- Kaseh Gar Mahalleh Location within Iran
- Coordinates: 36°50′06″N 50°49′05″E﻿ / ﻿36.83500°N 50.81806°E
- Country: Iran
- Province: Mazandaran
- County: Tonekabon
- District: Central
- City: Shirud

Population (2006)
- • Total: 314
- Time zone: UTC+3:30 (IRST)

= Kaseh Gar Mahalleh =

Neighborhood in Mazandaran province, Iran

Kaseh Gar Mahalleh (كاسه گرمحله) (Note: Also romanized as Kāseh Gar Maḩalleh) is a neighborhood in the city of Shirud in the Central District of Tonekabon County, Mazandaran province, Iran.

==Demographics==
===Population===
At the time of the 2006 census, Kaseh Gar Mahalleh's population was 314 in 80 households, when it was a village in Goli Jan Rural District.
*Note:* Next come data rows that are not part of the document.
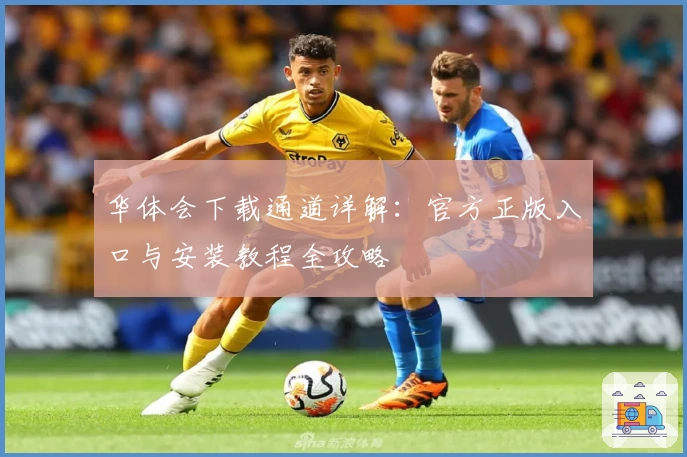 华体会下载通道详解:官方正版入口与安装教程全攻略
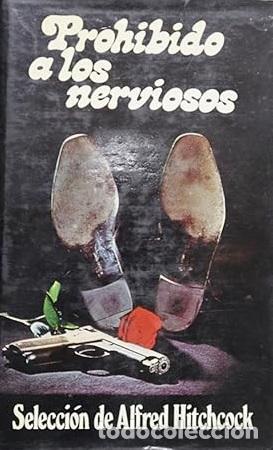 Libros: PROHIBIDO A LOS NERVIOSOS - ALFED HITCHCOCK - Foto 1
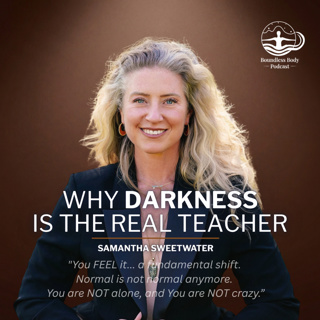 Why Darkness is the Real Teacher with Samantha Sweetwater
In 2008, the villages of Bala Shirud, Beramsar, Hemmatabad, Kaseh Gar Mahalleh, Khezr Konar, Kochanak, Lapa Sar, Lashtu, Mian Daj Mahalleh, Mohammadabad, Mojtame-ye Meskuni Farhangian, Pain Shirud, Ramj Mahalleh, Rashidiyeh, Shaghuz Kaleh, Sharifabad, Tamijanak, Vachak, and Zaruj Mahalleh were merged to form the city of Shirud.